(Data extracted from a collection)
/---

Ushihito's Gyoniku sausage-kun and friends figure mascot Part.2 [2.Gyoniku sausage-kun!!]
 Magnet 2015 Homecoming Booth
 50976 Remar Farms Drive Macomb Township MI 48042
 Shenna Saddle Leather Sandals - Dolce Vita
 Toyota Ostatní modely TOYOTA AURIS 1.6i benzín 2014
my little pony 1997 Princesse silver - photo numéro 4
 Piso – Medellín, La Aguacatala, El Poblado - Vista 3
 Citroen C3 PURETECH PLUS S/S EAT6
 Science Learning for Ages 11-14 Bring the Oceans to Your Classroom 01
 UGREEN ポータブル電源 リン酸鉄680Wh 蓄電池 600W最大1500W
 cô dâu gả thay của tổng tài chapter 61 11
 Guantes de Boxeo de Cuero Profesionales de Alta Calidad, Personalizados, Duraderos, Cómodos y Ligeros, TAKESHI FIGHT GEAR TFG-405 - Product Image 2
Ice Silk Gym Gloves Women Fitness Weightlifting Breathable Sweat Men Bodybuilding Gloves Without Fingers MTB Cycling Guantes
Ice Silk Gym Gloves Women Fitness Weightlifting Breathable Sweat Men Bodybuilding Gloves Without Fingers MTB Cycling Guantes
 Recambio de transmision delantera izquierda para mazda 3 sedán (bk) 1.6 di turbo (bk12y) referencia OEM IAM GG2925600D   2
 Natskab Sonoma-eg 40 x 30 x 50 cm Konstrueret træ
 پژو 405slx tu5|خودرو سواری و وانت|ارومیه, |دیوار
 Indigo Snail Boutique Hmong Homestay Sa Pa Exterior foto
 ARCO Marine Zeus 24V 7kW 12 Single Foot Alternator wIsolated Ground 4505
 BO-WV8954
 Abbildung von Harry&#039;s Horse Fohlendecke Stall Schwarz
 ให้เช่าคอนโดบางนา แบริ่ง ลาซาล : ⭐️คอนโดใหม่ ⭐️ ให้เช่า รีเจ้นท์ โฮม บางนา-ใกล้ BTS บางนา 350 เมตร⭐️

\---

◆ Problem details: Among the records above, only the lines between the line holding "50976 Remar Farms" and the line holding "Science Learning for", inclusive, are to be output, exactly as written.

◆ Solution to this exercise:
 50976 Remar Farms Drive Macomb Township MI 48042
 Shenna Saddle Leather Sandals - Dolce Vita
 Toyota Ostatní modely TOYOTA AURIS 1.6i benzín 2014
my little pony 1997 Princesse silver - photo numéro 4
 Piso – Medellín, La Aguacatala, El Poblado - Vista 3
 Citroen C3 PURETECH PLUS S/S EAT6
 Science Learning for Ages 11-14 Bring the Oceans to Your Classroom 01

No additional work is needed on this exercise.